Aucune subtilité. Depuis quand les régimes totalitaires, les dictatures sont-elles toutes communistes ? Pour un roman écrit en 1948, on devine bien la Chasse aux Sorcières qui s'annoncent. Les scènes du ministère de l'Amour sont d'une violence crûe mais n'expliquent rien. Le "Pourquoi ?" si fébrilement recherché par Winston tombe à plat. Le livre de Goldstein est imbuvable d'érudition sociologique. Les individus sont tous dédouanés, comme si au sommet vibrait un terrible dictateur capable à lui seul de gérer l'ensemble du pays. Les personnages comme O'Brien sont bien trop peu exploités quand ils auraient pu expliquer l'ensemble du système. On excuse Winson, on excuse Julia, on excuse même les enfants de Parsons, formés - les pauvres ! - par des scouts version totalitaire. En permanence, Orwell nous dit quoi penser de son monde cauchemardesque.
En tout cas je n'ai pas eu dans la lecture la liberté d'être d'accord avec certains principes du système. J'aime par exemple cette notion de solipsisme, et cette capacité à tout remettre en question hors de l'homme. Je lui préfère le mot d'anthropocentrisme, mais c'est une philosophie que je trouve importante pour penser le politique aujourd'hui - justement parce que la politique se tourne elle trop vers d'autres valeurs et en oublie l'homme. Impossible d'assumer cette position en lisant Orwell ; me voilà du côté des barbares : noirblanc, n'est-ce-pas ?
Sauf que là n'est pas l'éducation par la littérature. "Passer un message", c'est anti-politique - LE politique - au possible. Donner à voir un monde, pour laisser le lecteur s'y plonger et en ressentir l'horreur : là aurait été un réel tour de force capable de transformer les esprits ; ici, le monde est condamné dès le début, est trop vite factice, artificiel. Peut-être a-t-il trop réponse à tout pour que j'y croie, peut-être suis-je tout simplement trop optimiste.

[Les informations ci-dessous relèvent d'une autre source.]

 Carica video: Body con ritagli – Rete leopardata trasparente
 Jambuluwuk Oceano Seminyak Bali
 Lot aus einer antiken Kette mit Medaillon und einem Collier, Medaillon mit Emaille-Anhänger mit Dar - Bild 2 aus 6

Les quelques grandes phrases, les quelques citations même sont amenées avec la lourdeur pachydermique de l'auteur qui sait qu'il va dire quelque chose qui sera retenu et devra être bien formulé : "Les meilleurs livres, se dit-il, sont ceux qui racontent ce que l'on sait déjà." ; "Devant la douleur, il n'y a pas de héros, aucun héros." ; "Que peut-on, pensa Winston, contre le fou qui est plus intelligent que vous, qui écoute volontiers vos arguments, puis persiste simplement dans sa folie ?". Belles citations par ailleurs, mais à l'arrivée aussi subtile que si l'auteur les avait mises en relief dans un cadre d'or...

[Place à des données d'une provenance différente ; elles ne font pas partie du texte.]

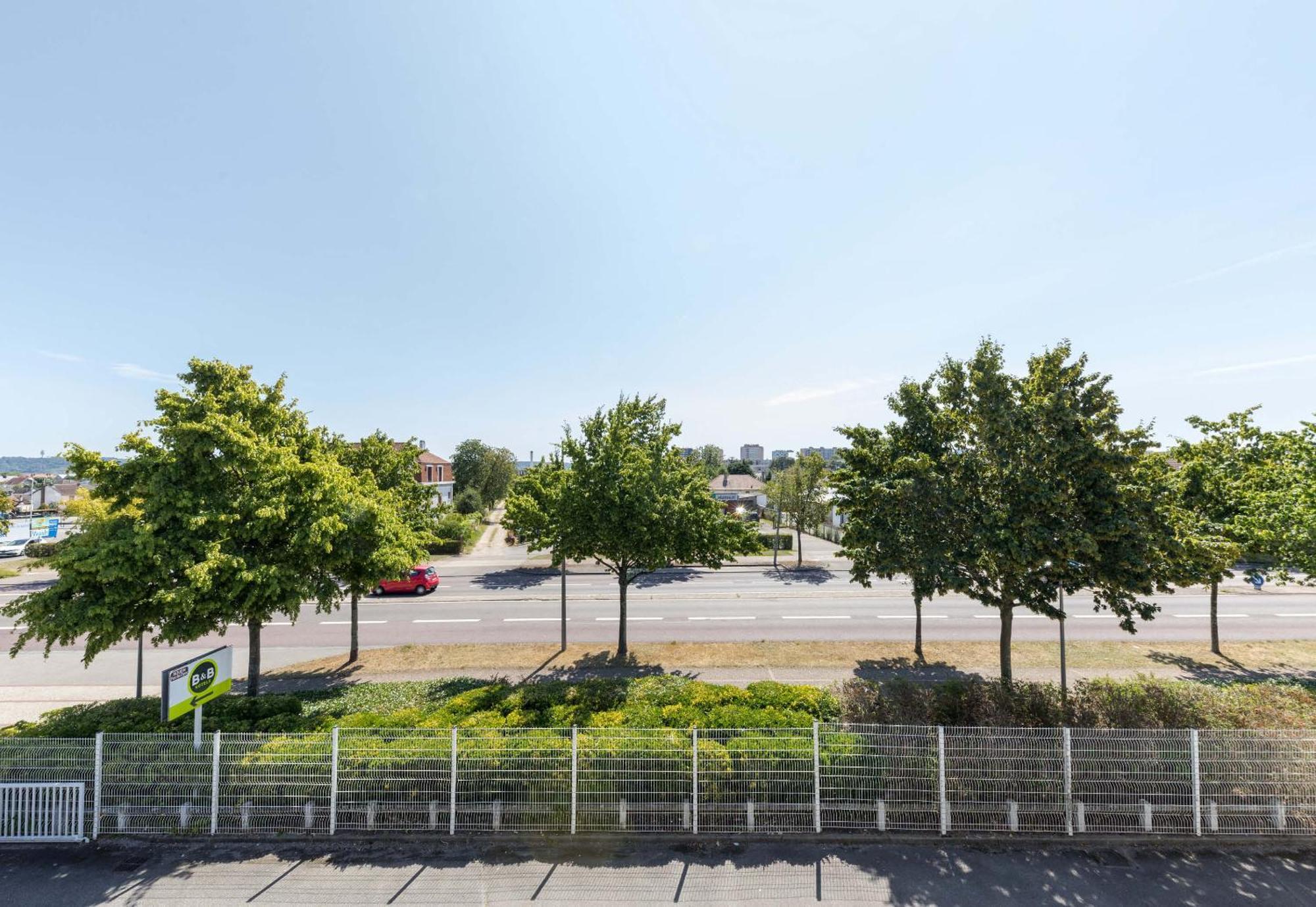 B&B Hotel Rouen Parc Des Expos Zenith Le Grand-Quevilly Exterior photo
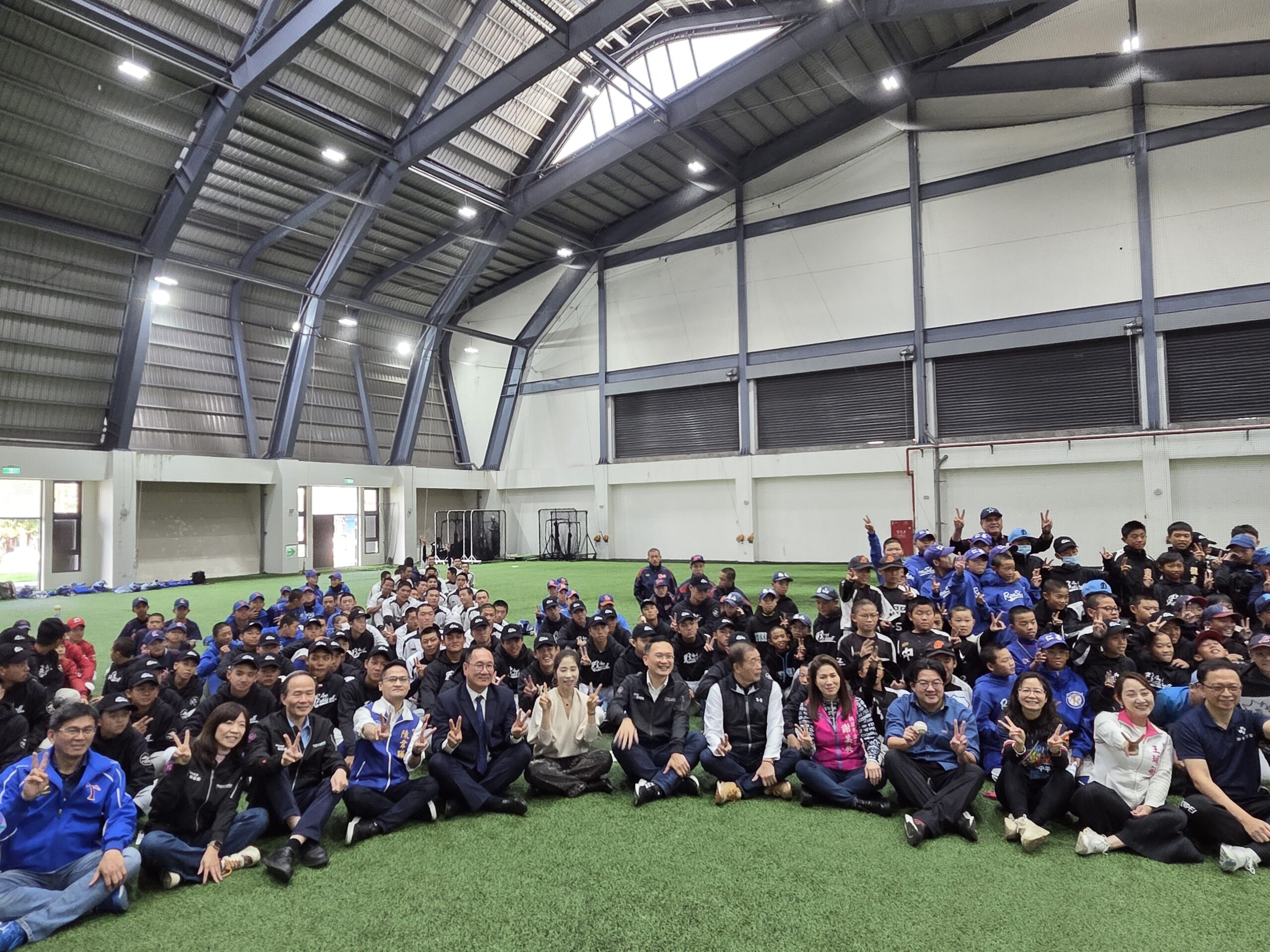 桃園棒球天使計畫訓練營登場 12強球星現身勉勵小選手 141330 scaled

1984 n'aura été pour moi qu'une révélation : celle que la littérature d'idées a ses limites, et que la dénonciation pour la dénonciation ne mène à rien. Les idées peuvent être brillantes, si la forme n'est pas à leur service, elles n'atteindront pas un esprit formé à la willing suspension of disbelief : oui, on peut y croire et en comprendre la logique le temps du roman ; mais cette crédulité et cette compréhension ne nous accompagneront pas à posteriori dans notre regard porté sur l'extérieur.